El episodio reciente de un periodista del New York Times, Donald McNeil, que tuvo que renunciar hace algunas semanas por utilizar una palabra “tabú” con connotaciones racistas, es una perfecta ilustración del punto en que nos encontramos. Es difícil no encontrar el paralelismo con esa escena de la película de los Monty Python en que una persona es lapidada por decir la palabra “Jehová”. El periodista no había utilizado esa palabra en un tono ofensivo, solo la había pronunciado en el contexto de una conversación con alumnos donde le pedían opinión sobre una alumna que la había utilizado en un vídeo.

Nos encontramos así con las palabras tabúes propias de las religiones civiles y con periódicos de prestigio derivando en hojas parroquiales. La penetración de este movimiento de fe laica en gran parte de las universidades americanas, donde cualquier voz discrepante es expulsada ante lo que se considera una “herejía”, y donde se prohíbe cualquier debate, de nuevo nos retrotrae a etapas pasadas que creíamos superadas.

Políticos escasos de ideas y proyectos creyeron que la mejor forma de lograr votos era volver a explotar esas necesidades básicas de nuestro cerebro impulsando políticas identitarias excluyentes. La multitud de tribus podía ser fácilmente capitalizada políticamente, sea por partidos de izquierda en el caso del movimiento “woke” asociado al feminismo, el sexismo, o el racismo, o en el caso del nacionalismo asociado a la nación y la lengua, por partidos de derecha. Explotar nuestros instintos más básicos siempre funciona y permite esconder la mediocridad y escamotear el principio democrático básico de rendición de cuentas: en la tribu todo está permitido, todo puede perdonarse, sea corrupción, incompetencia, o violencia. Lo importante es la adhesión inquebrantable a la tribu. El modelo de creación de tribus basadas en las nuevas religiones laicas se ha convertido en un mecanismo extraordinariamente efectivo.

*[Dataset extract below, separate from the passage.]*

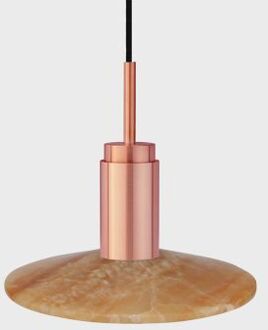 Donya Onyx Solar Hanglamp - Amberkleurige kap - Geborsteld koper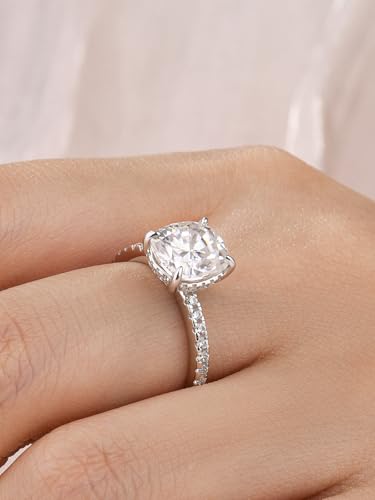 3.0 Carat Cushion Cut Moissanite Engagement Ring, D Color VVS1 Clarity, 925 Sterling Silver Simulated Diamond Ring for Women4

El cerebro humano precisa una explicación para todo lo que le rodea y una tribu cohesionada con la que identificarse. Las desgraciadas experiencias del siglo XX habían permitido superar la necesidad de la tribu. La democracia proponía ciudadanos con muchas identidades, sea mujer, católico, afroamericana, español o gay. Ninguna de ellas debía prevalecer sobre el resto, de forma que toda persona tuviera siempre muchas tribus con las que identificarse, lo que permite la convivencia entre todos. Eso permite que existan adversarios, no enemigos, y que las voces discrepantes sean personas a las que convencer y no herejes a los que aniquilar.

Una política basada en religiones civiles no es compatible con la democracia. No hay nada esperanzador en esta deriva política basada en una nueva fe laica; solo una repetición de los errores del siglo XX. Probablemente la progresiva desaparición de la generación que vivió los horrores del siglo XX explica mucho de la situación actual.

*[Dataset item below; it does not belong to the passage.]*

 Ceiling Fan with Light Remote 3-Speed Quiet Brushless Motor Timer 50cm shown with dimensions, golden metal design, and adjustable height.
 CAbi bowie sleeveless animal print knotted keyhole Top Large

Lo relevante no es lamentarse, sino entender que la necesidad básica del cerebro de elementos de cohesión de grupos debe encontrar respuesta y que la democracia liberal no ha sabido darla. Sin resolver ese desafío, parecemos abocados a repetir los errores del pasado.Francia es hasta ahora el único país que ha decido afrontar este desafío: su tradición de estado laico y su lucha histórica contra la intromisión de la religión en el Estado le ha permitido superar el corsé de la corrección política, y plantear una clara oposición a una política dominada por las nuevas religiones civiles. Un pequeño rayo de esperanza.